What is pulmonary hypertension?
Pulmonary hypertension occurs when high blood pressure affects the arteries in the lungs and the right side of your heart. To start, tiny arteries in your lungs, called pulmonary arteries, and capillaries narrow, become blocked or are destroyed. Blood flow through your lungs becomes more difficult, and pressure within your lungs’ arteries increases. As the pressure builds, your heart’s lower right chamber (right ventricle) is forced to work harder to pump blood through your lungs. This weakens your heart muscle, eventually causing it to fail.
Pulmonary hypertension, a serious illness, sometimes becomes increasingly worse over time and can be fatal. While not curable, there are treatments available that can help decrease symptoms thus improving the quality of your life.
What are the common symptoms of pulmonary hypertension?
In their early stages, the symptoms of pulmonary hypertension may not be apparent for months and, in some cases, not for years. With the progression of the disease, symptoms worsen. Pulmonary hypertension symptoms include: fatigue; a bluish tinge to your lips and skin; shortness of breath, initially while exercising and eventually while at rest; dizziness or fainting (syncope); chest pain or pressure; swelling in your ankles, legs and eventually in your abdomen; racing pulse or heart palpitations.
What causes pulmonary hypertension?
As pulmonary hypertension causes changes in the cells that line your pulmonary arteries, an unhealthy increase in your blood pressure takes place. These changes bring about the formation of extra tissue, eventually narrowing or even entirely blocking blood vessels. This makes the arteries narrow and stiff. Blood flows with more difficulty and blood pressure in the pulmonary arteries rises.
Without the identification of an underlying cause for high blood pressure in the lungs, the condition is called idiopathic pulmonary hypertension (IPH). Some IPH patients may have a gene which causes a propensity for developing pulmonary hypertension. But for the majority of idiopathic pulmonary hypertension patients, there is no recognized cause. Secondary pulmonary hypertension is diagnosed when another medical problem causes the hypertension. Secondary pulmonary hypertension is more common than idiopathic pulmonary hypertension.
Causes of secondary pulmonary hypertension include: sleep apnea and other sleep disorders; sickle-cell anemia; blood clots in the lungs; chronic liver disease (cirrhosis ); chronic obstructive pulmonary diseases, such as emphysema; AIDS; connective tissue disorders, such as scleroderma or lupus; heart abnormalities you’re born with; diseases such as pulmonary fibrosis, a condition which causes tissue scarring between the lungs’ air sacs; left-sided heart failure; climbing or hiking to altitudes higher than 8,000 feet without acclimating first; living at altitudes over 8,000 feet above sea level; and the use of certain stimulant drugs, such as cocaine.
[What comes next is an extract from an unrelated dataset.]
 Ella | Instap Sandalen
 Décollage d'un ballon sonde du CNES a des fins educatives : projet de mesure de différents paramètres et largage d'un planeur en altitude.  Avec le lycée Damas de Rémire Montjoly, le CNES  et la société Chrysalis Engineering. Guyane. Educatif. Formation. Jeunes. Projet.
How is pulmonary hypertension tested and diagnosed?
Because it is rarely detected in a routine physical examination, pulmonary hypertension is rarely diagnosed early on. Even in cases where the disease is more advanced, many of its more obvious signs and symptoms are similar to those of other lung and heart conditions. In either event, one or more tests to rule out other possible reasons for your condition are available.
The first level of tests used to diagnose pulmonary hypertension include: chest X-rays; blood tests; Doppler echocardiogram to estimate pressures in the lung; and heart catheterization to measure directly the pressure in the right ventricle and the main pulmonary arteries. Additional tests to check the condition of your pulmonary arteries and your lungs include: a perfusion lung scan, a pulmonary function test, computerized tomography (CT) scan; magnetic resonance imaging (MRI; and an open-lung biopsy.
How is pulmonary hypertension treated?
Identifying and implementing the best treatment for pulmonary hypertension cannot be achieved immediately. Often the treatments are complex and call for extensive follow-up care. Also, your doctor will need to revise your treatment if and when it ceases to be effective. Additionally, when pulmonary hypertension is brought on by another condition, treatment for the underlying cause will be employed first if possible.
Various medications are used to treat pulmonary hypertension. These include: blood vessel dilators (vasodilators);
endothelin receptor antagonists which are meant to reverse the effects of endothelin, a component in the walls of blood vessels that causes them to narrow; tadalafil and sildenafil to open the lung’s blood vessels and allow blood to flow through more easily; and high-dose calcium channel blockers. Other medications used stop the narrowing of your blood vessels, are anticoagulants, and act as diuretics.
Sometimes doctors recommend breathing pure oxygen, a treatment known as oxygen therapy, particularly if you live at a high altitude or suffer from sleep apnea. Some pulmonary hypertension patients eventually require oxygen therapy constantly. Surgery is another option for treating some forms of pulmonary hypertension, including a type of open-heart surgery called atrial septostomy.